LimitationWhyWhat you can do
Activity Protocol (Teams / M365 Copilot) is not interceptableWhen an Agent Application is published to M365 Copilot or Teams, the wire protocol switches to the Azure Bot Service Activity Protocol, and the user traffic is Teams ↔ Microsoft cloud ↔ Bot Service ↔ Foundry — all inside Microsoft.Use policies inside the agent’s instructions, Microsoft Purview, or Content Safety for that channel. TrustGate cannot sit on the wire.
Microsoft-hosted tools (Agent 365, Microsoft Learn MCP, Azure Logic Apps)These run inside Microsoft’s network and the agent calls them over internal routes.Not covered by TrustGate. Covered by Microsoft’s own controls.

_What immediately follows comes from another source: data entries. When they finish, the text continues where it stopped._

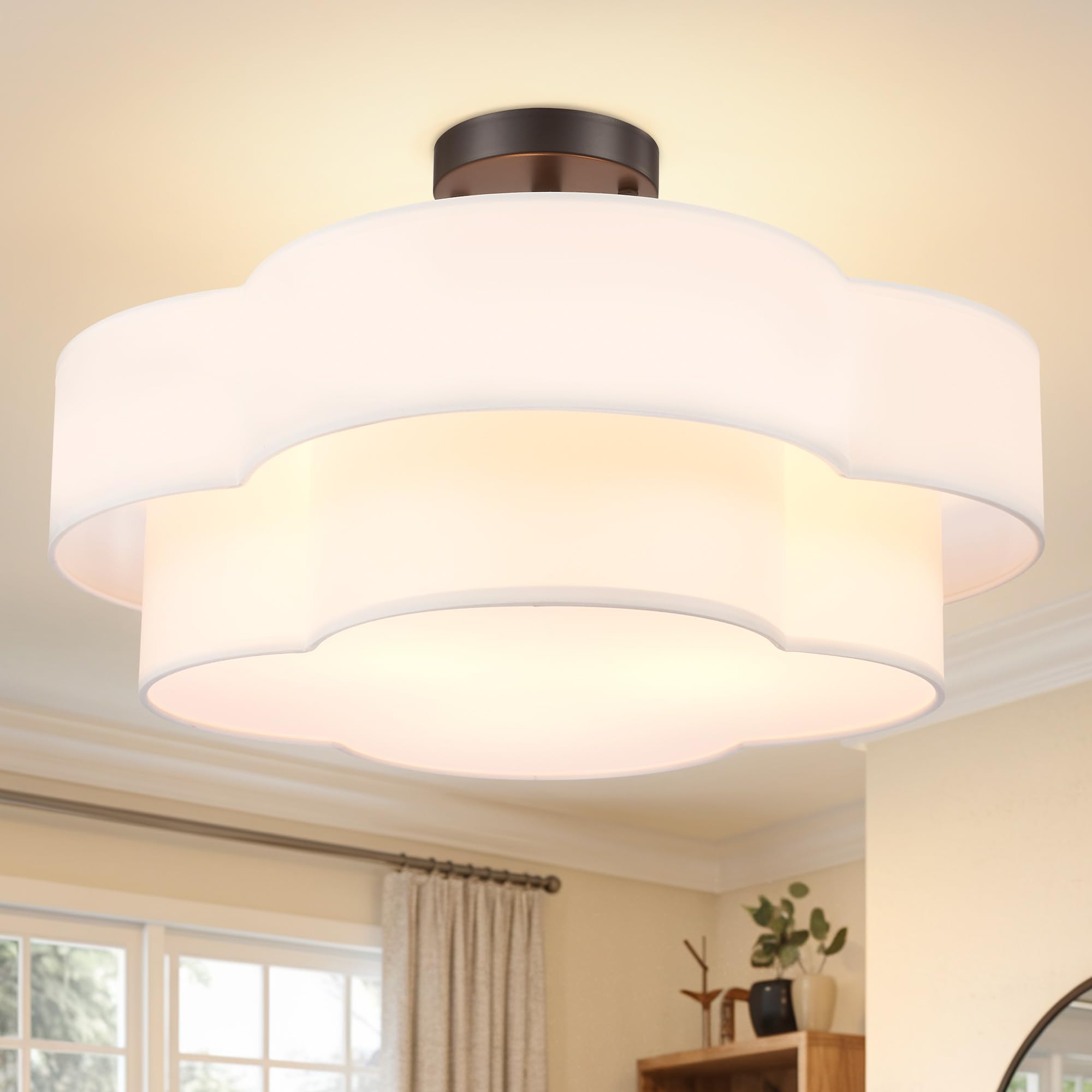 Hamilyeah 20 inch Ceiling Light Fixture with Fabric Shade, Scalloped Flush Mount Ceiling Light Flower Shaped, Drum Light Fixture Ceiling Mount for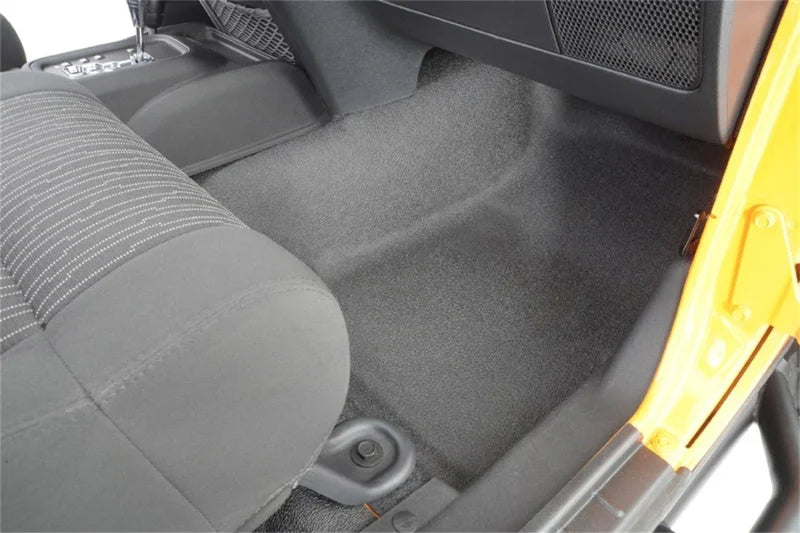 BedRug 07-10 Jeep JK 2Dr Front 3pc BedTred Floor Kit (Incl Heat Shields) - Back View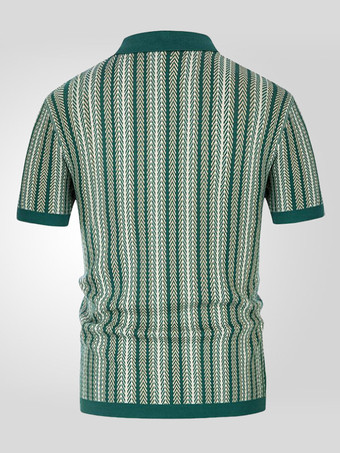 メンズ ラペル Tシャツ ストライプ シングルブレスト 半袖 ポロシャツ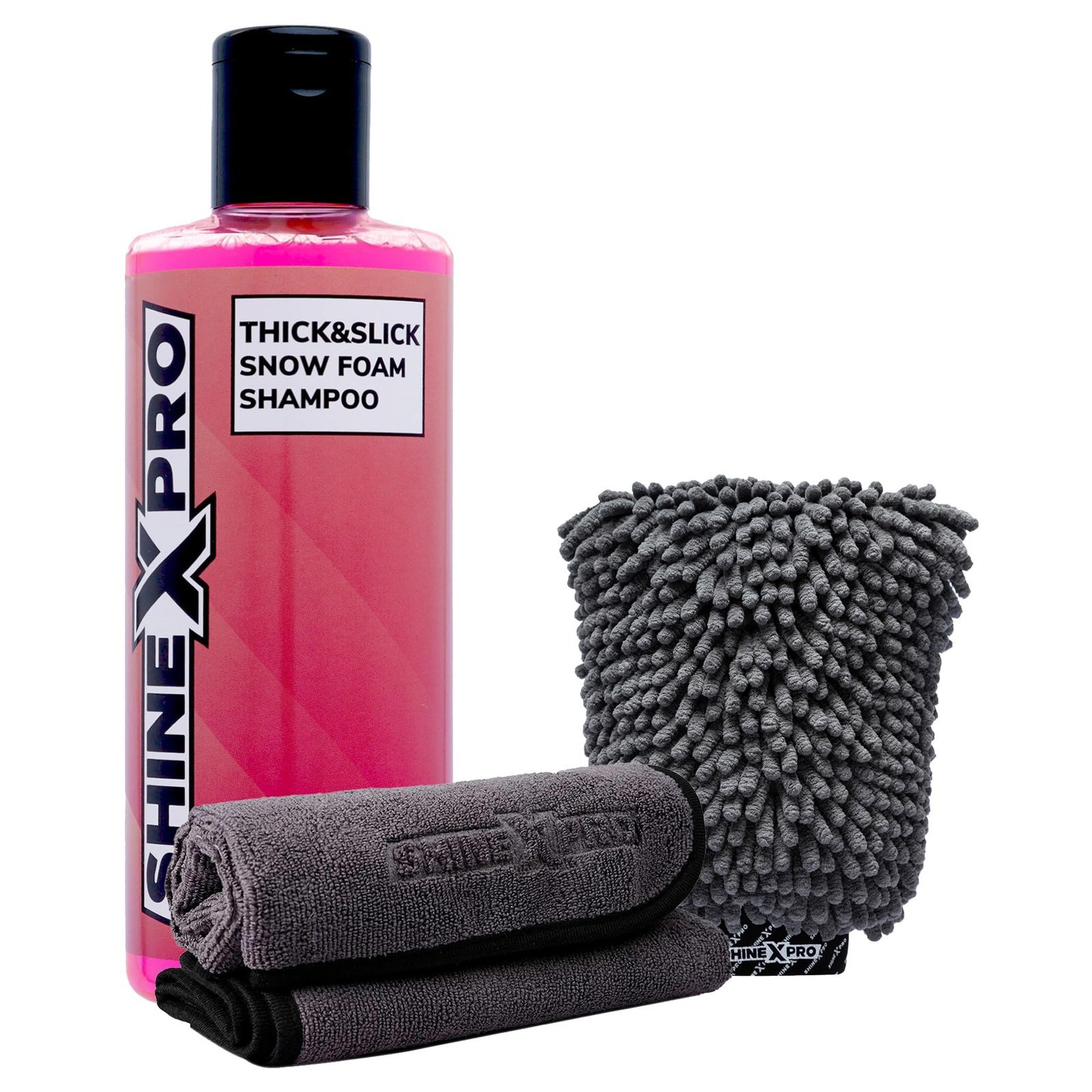 ShineXPro Foam Car Wash Shampoo With 2Pcs 500GSM Microfiber Cloth & Wash Mitt - Thick Foam With Shine Enhancing Formula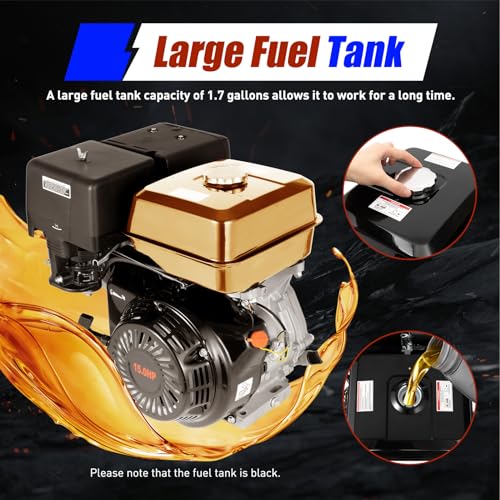 420CC 15HP Gas Motor Engine, 4 Strokes OHV Horizontal Shaft Recoil Start Motor, 3600RPM Manual Recoil Start Gasoline Engine for Go Kart, Compressors, Trenchers - Image 6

Stateless Responses only on Agent ApplicationsFoundry doesn’t yet enforce end-user isolation on managed conversations for published agents.Store conversation history on your client. Not a TrustGate limitation — lifts automatically when Foundry supports it.
Streaming responses require stream-aware routesFoundry’s Responses streaming uses SSE; the Gateway needs the streaming route profile enabled to inspect chunks in order.Enable the streaming profile on the route. Non-streaming calls work out of the box.
The Agent Application publishing model is evolvingThe URL path shape may change as Foundry migrates to its newer publishing experience.Keep upstream URLs in configuration, not code. The Gateway’s upstream URL and auth model stay stable.